Suddividere in in categorie il variegato mondo degli atti non verbali può rivelarsi utile per conoscerli meglio e per fare una sorta di “visita guidata” nel comportamento del nostro interlocutore. (Benemeglio, 1992).
Prima di tutto, gli atti di scarico della tensione, come ad esempio pizzicarsi la pelle del collo o, nel caso degli uomini, il nodo della cravatta, suggeriscono il “bisogno d’aria” che è proprio dell’ansia, in cui la respirazione è rapida e alta.
I segnali di gradimento o di rifiuto, indicano invece una sensazione piacevole o sgadevole. Un tipico segnale di gradimento sembra essere un tipo di sorriso in cui i denti sono premuti sul labbro inferiore. La sua origine risalirebbe al piacere che il neonato prova nel mordicchiare il seno materno durante la dentizione. Sembra che alcuni atti di sfregamenti del naso o delle zone lacrimali siano invece atti di rifiuto, proprio perchè si è in sede di mucose, zone sensibili al fastidio. Se, poi, l’atto è prodotto dall’ascoltatore, il rifiuto va riferito al tema del discorso o a chi parla.
Infine, vi sono gli atti iconici, in cui attraverso la manipolazione di oggetti o parti del nostro corpo, diamo un’ immagine di noi stessi agli altri. Alcuni di questi sono anche atti di gradimento, come l’atto di scostarsi i capelli, frequente soprattutto tra le donne.

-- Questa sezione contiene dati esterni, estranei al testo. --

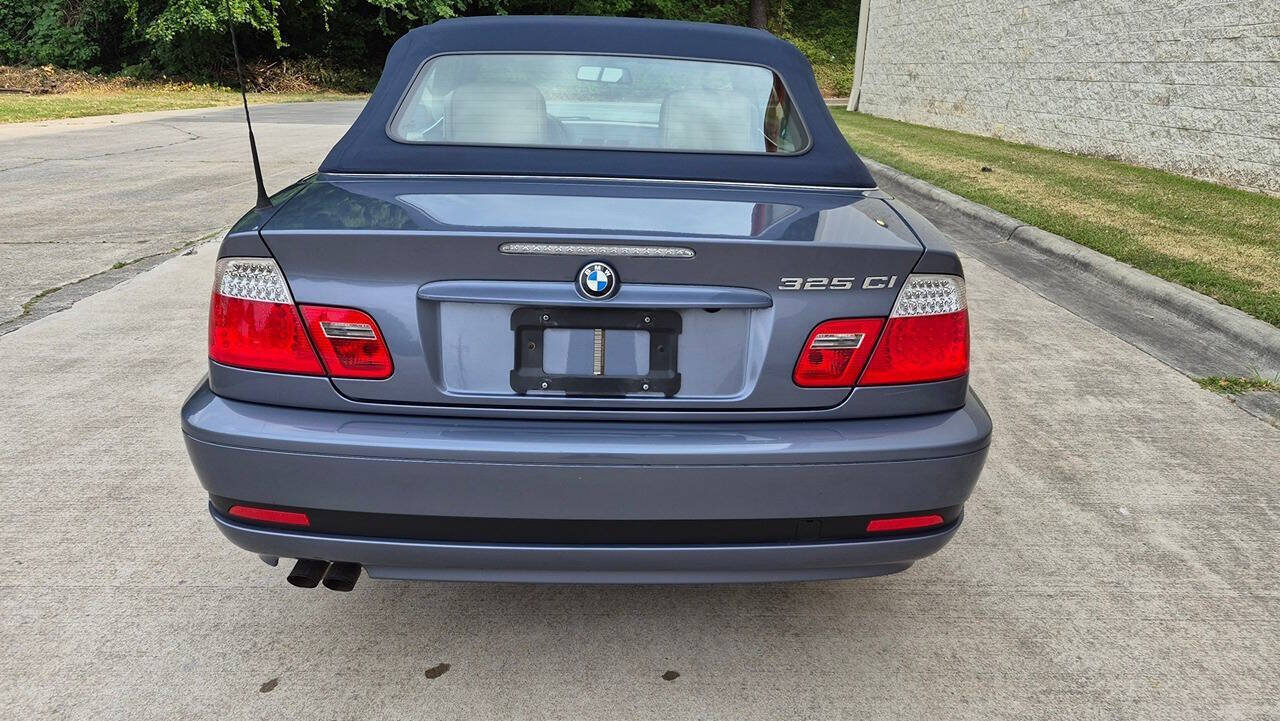 Used 2005 BMW 325Ci Convertible RWD image 6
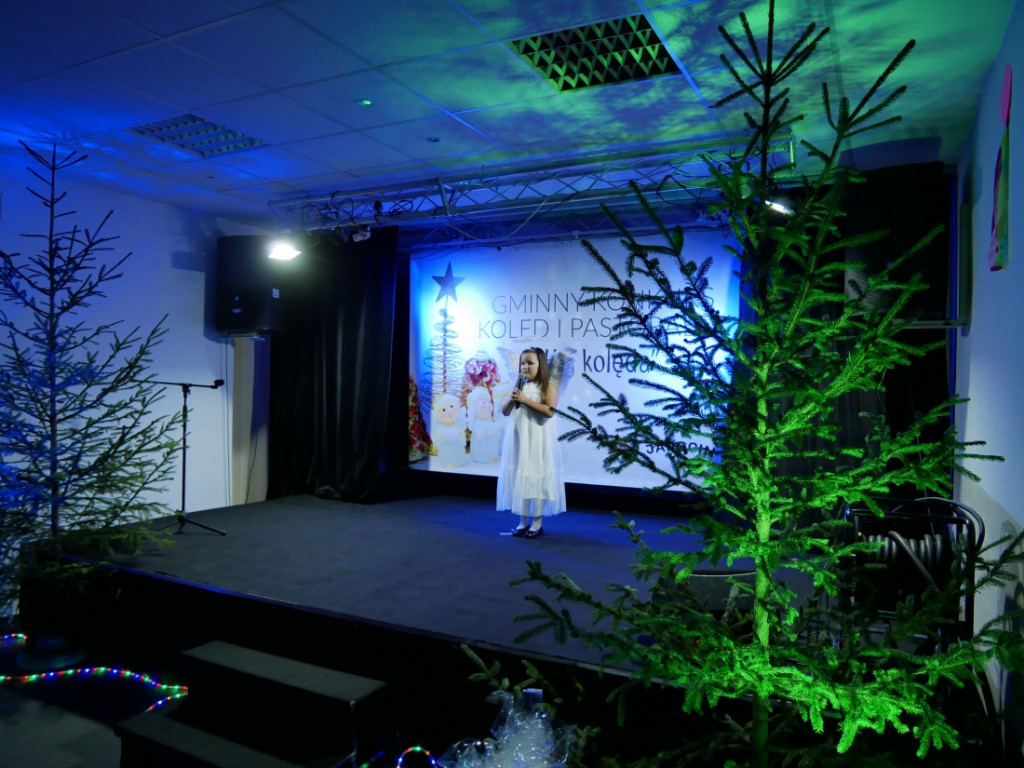 XII Gminny Konkurs Kolęd i Pastorałek w Jarocinie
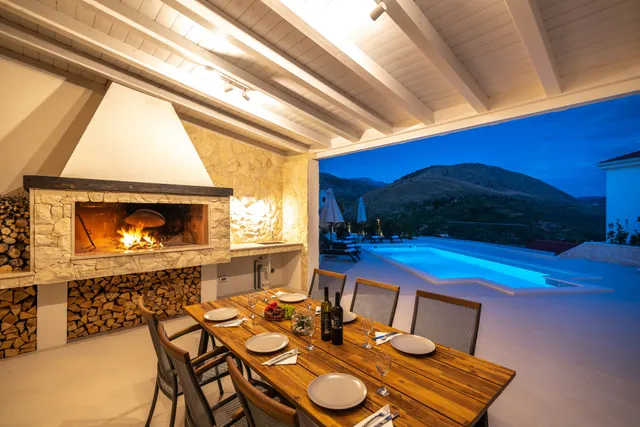 Apartment "Top View" with private pool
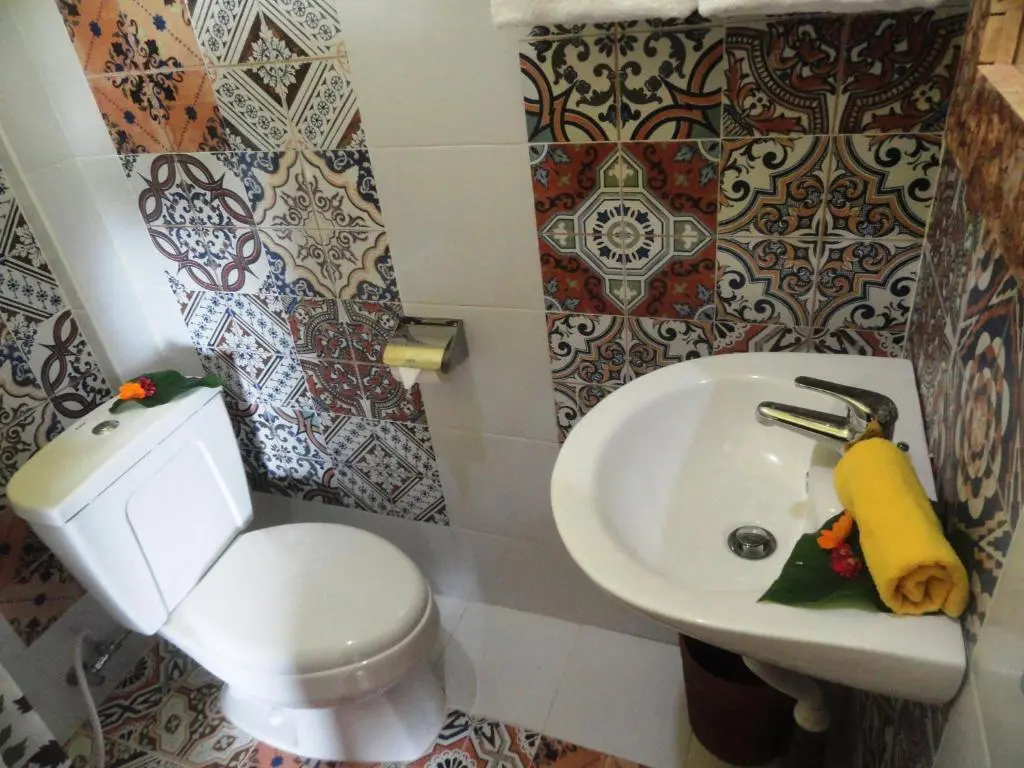 Убуд: Putu Yoga Bungalow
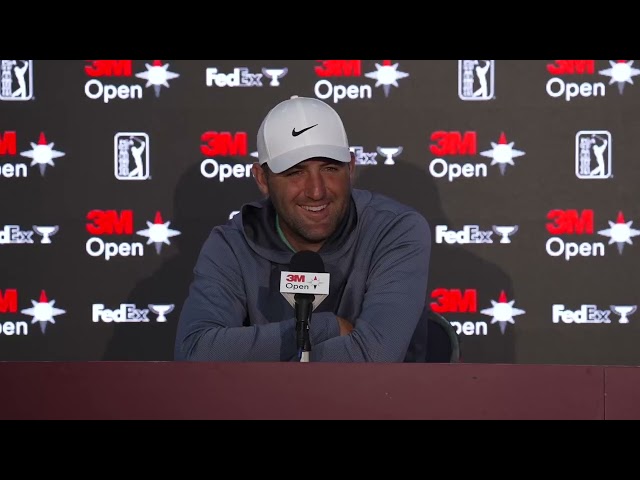 Scottie Scheffler: “I’ve Never Been a Big Fan of Personal Jabs” | 3M Open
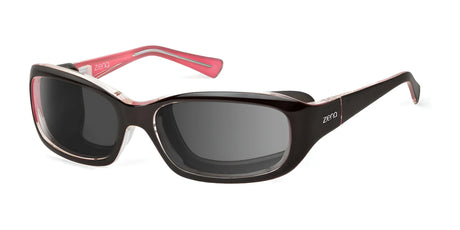 Ziena Verona Sunglasses Rose / Gray +2.50 / Black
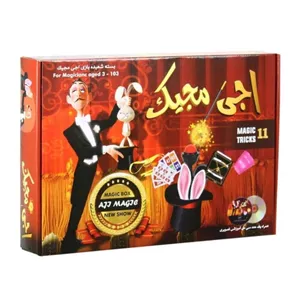 پک شعبده باز مجیک 11 ترفند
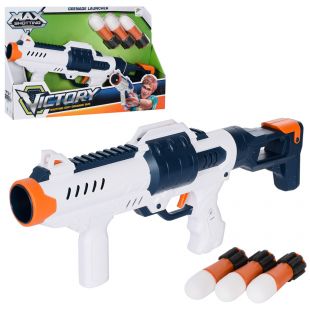 Пушка дитяча з м'якими кулями 3шт 858-050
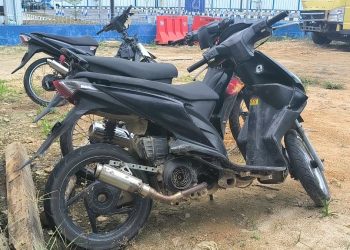 Warga Singkawang Keluhkan Suara Raungan Knalpot Brong Berujung Polisi Tahan Puluhan Sepeda Motor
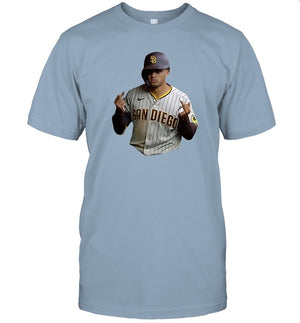Fernando Tatis Jr Wearing Grish Flipping Someone Off t shirt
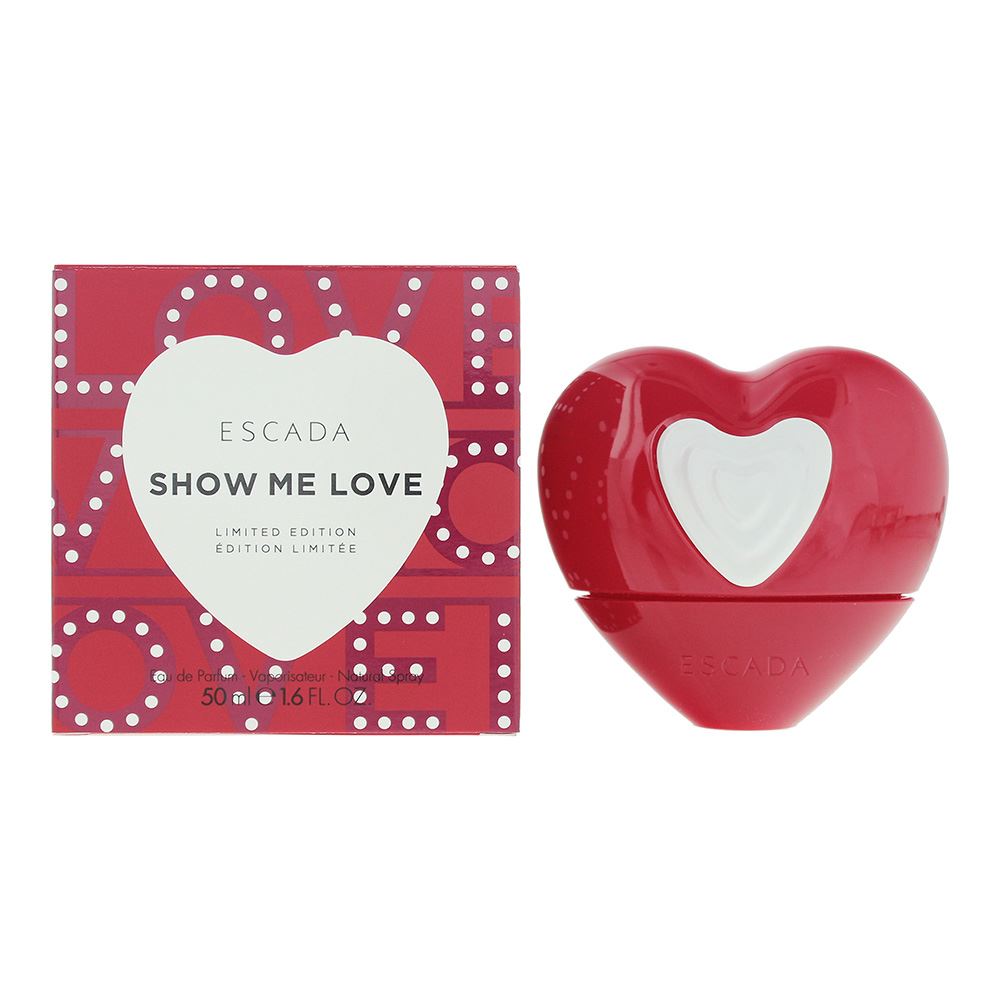 Escada Show Me Love Eau de Parfum 50ml Womens Fragrance Spray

Il legame della comunicazione non verbale con le emozioni e la sua capacità di comunicare sempre e comunque, fanno sì che si possa esercitare un effetto nel rapporto con l’altro, influenzandone il comportamento, le reazioni e la comunicazione verbale.
Conoscere approfonditamente il linguaggio del corpo può aiutarci in tutte le relazioni sociali, soprattutto quelle lavorative, dove può esserci più che mai utile interpretare al volo una smorfia, un accenno di movimento o un cambiamento di espressione.